Imagine a television comedy pilot's opening scene about a business executive getting laid off while living in her parent's basement in the middle of the countryside.
Spoiler alert: the business executive is me. Office in my childhood bedroom: Stand up desk, multiple monitors, headset on, dozens of talking heads coming in from the Zoom juxtaposed with the wood paneling, small sized sailor hat with “Julia” letters embroidered, and my younger brother’s Xbox posters still hanging from when he moved in following my college exodus.
The situation of living with my parents had to do with the blessing of my children’s grandma, a retired teacher, wonderfully volunteering to help with remote learning while I was sent to work remotely. My husband quarantined at his family's farm four hours away to help with planting season, so I gladly accepted my mother's offer.
From a fitness standpoint leading up to this real-life sitcom, I was the epitome of inconsistency. I broke my foot in September 2019, headed into a Midwest winter, and was in and out of the Train Like a Mother Return to Running program by the time the quarantine disruptions occurred.
Back to the opening scene: day after day, meeting after meeting until one day the unexpected appointment came. The one with my boss and the vice president popping up on screen to read from a letter, a letter that said due to COVID-19 related reasons, I was one of 100 employees being let go that day.
My world shifted in an instant. I was shut out of the system—files, emails, software—within the hour. I didn’t look at any files; most of that hour was spent calling my friends and just trying to process what had happened. Feelings of sadness and self-doubt crept in. What could I have done differently?

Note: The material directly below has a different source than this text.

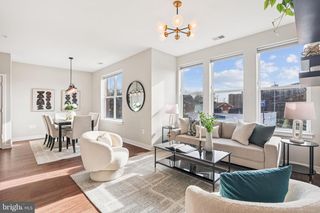 989 S BUCHANAN ST #225, Arlington, VA 22204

With my calendar suddenly empty, I knew I needed something to fill the time and exhaust my reeling mind and anxious body. I started the walks. The 6-mile hikes.
Two hours in the countryside with gravel roads and cornfields stretching for miles. No podcasts, no music, no pace. Just myself. I cried. I prayed. I texted. I sang. I talked to people over the phone. I talked to people in my head. I listened to the birds. I listened to the wind. I moved. I just walked.
And I did it the next day. And the next. And the next. I was never big into streaks, but for a few weeks, it was mine. Seven days a week. Six miles per day.
Over time, those walks helped me look forward and find purpose. There were additional layoffs three months later, and I was able to help those “newbies” from my experience.
One of my first pieces of advice? Get outside and walk.